To say that we do not prove the most basic propositions does not mean that we must choose what to believe by a purely arbitrary "leap of faith" that is unaccompanied by any evidence or reasons. There are, in fact, two basic ways that we test the system of axioms that create the particular field of knowledge we are studying. First, does the axiom, at least as far as we can understand what it asserts, agree with what we know by intuition? "Intuition" means the mind's ability to know something immediately, without engaging in a process of calculation or reasoning.
In a relatively (logically) simple field such as mathematics, intuition is often enough to validate the axioms. For example, the axiom "through any two distinct points there is only one (straight, infinitely long) line" is self-evident, once we understand what the words mean, and as long as these words have their everyday meaning.
But outside of well-defined fields such as mathematics, two people do not always have the same intuitions.
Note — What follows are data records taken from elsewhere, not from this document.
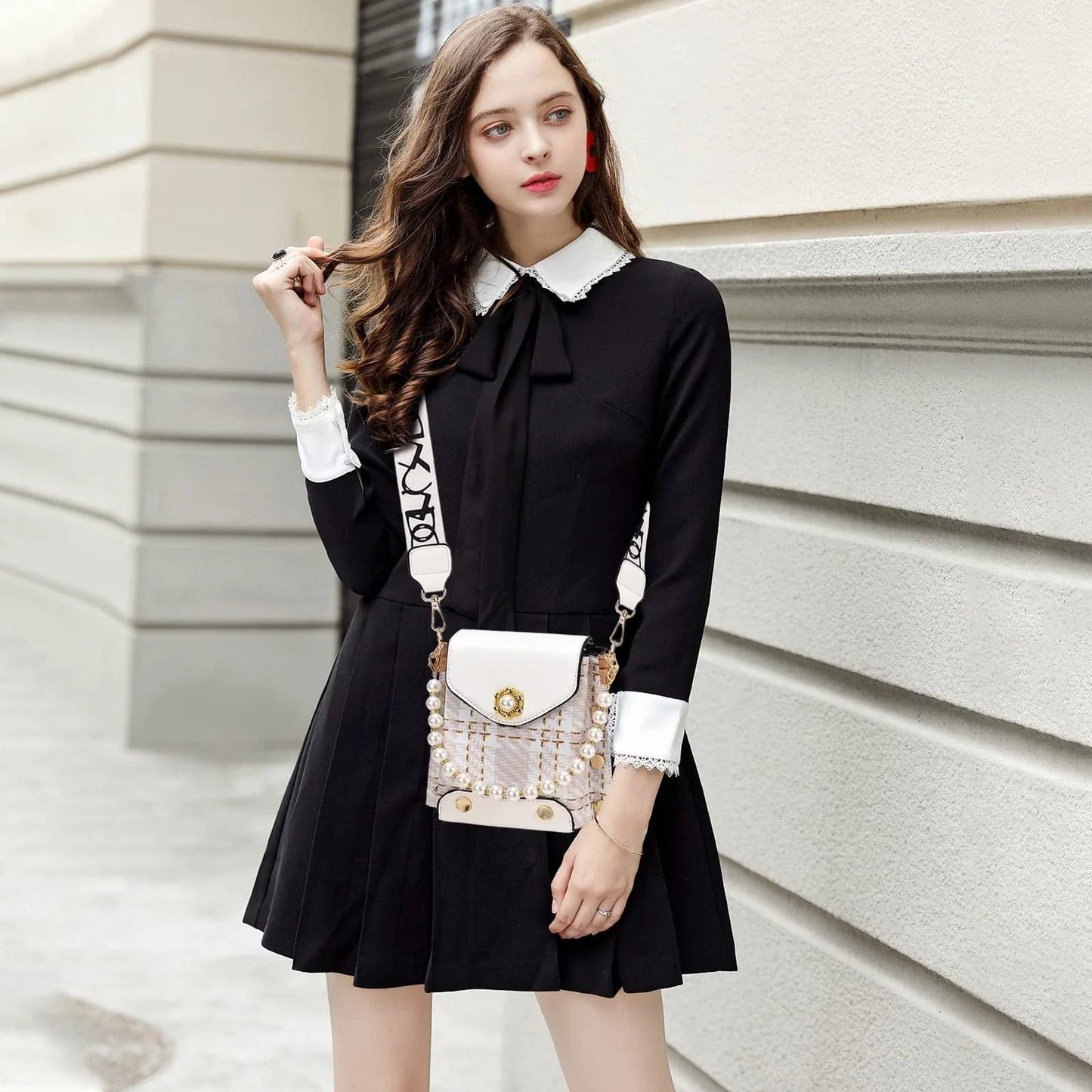 Premium crossbody phone bag with elegant pearl charm, made of durable PU leather and available in multiple color options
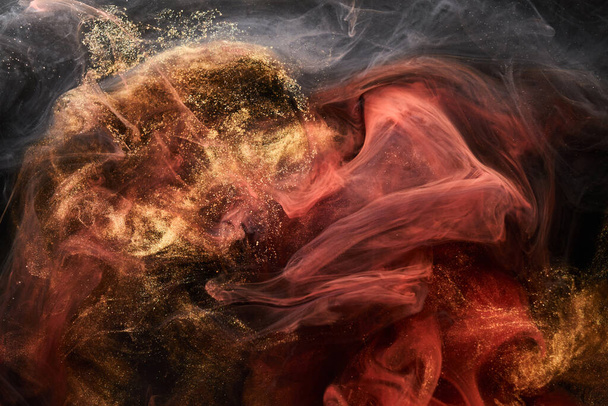 Red black sparkling abstract background, luxury golden smoke, acrylic paint underwater explosion, cosmic swirling ink - 写真・画像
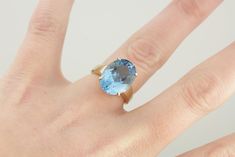 Although bold, his vintage cocktail ring is perfectly balanced in size and width, and so not overwhelming on the finger. We've set this beauty with a cushion cut blue topaz in the perfect shade of London Blue! This stone has a fancy cut that has great flash and glitter, which seems to come from deep within the stone. Metal: 10K Yellow Gold Gem: Blue Topaz 9.92 Carats Gem Measurements: 11.9 x 15.8 mm, Oval Ring Size: 6.25 Marks: "10K MP" Stamped on the inside band Blue Statement Ring, Topaz Cocktail Ring, Vintage Cocktail Ring, Oval Ring, Oval Rings, Vintage Cocktail, Ring Blue, London Blue, Blue Rings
Fortunately, there is a second way, more important and fundamental than the first, of testing a system of axioms: Is the system logically, morally, and existentially consistent?
Logically consistent means that the axioms, and the propositions we can prove from the axioms, do not contradict each other. For example, the naturalistic worldview of atheism holds that all knowledge must be based on empirical data. But this belief about the nature of knowledge cannot be validated empirically, and therefore naturalism contradicts itself.
The requirement of moral consistency only applies to systems (unlike mathematics) that make moral demands on individuals and groups. This is basically the requirement that moral precepts not contradict each other. Naturalists, for example, generally assert that morality is made up by the group. But if morality is whatever the group says it is, then nobody has the right to say that the group is wrong, and so reformers such as those who fought against slavery are always wrong: If our ancestors said that slavery was acceptable, then it was acceptable. This sort of naturalism is thus morally contradictory, at least over time.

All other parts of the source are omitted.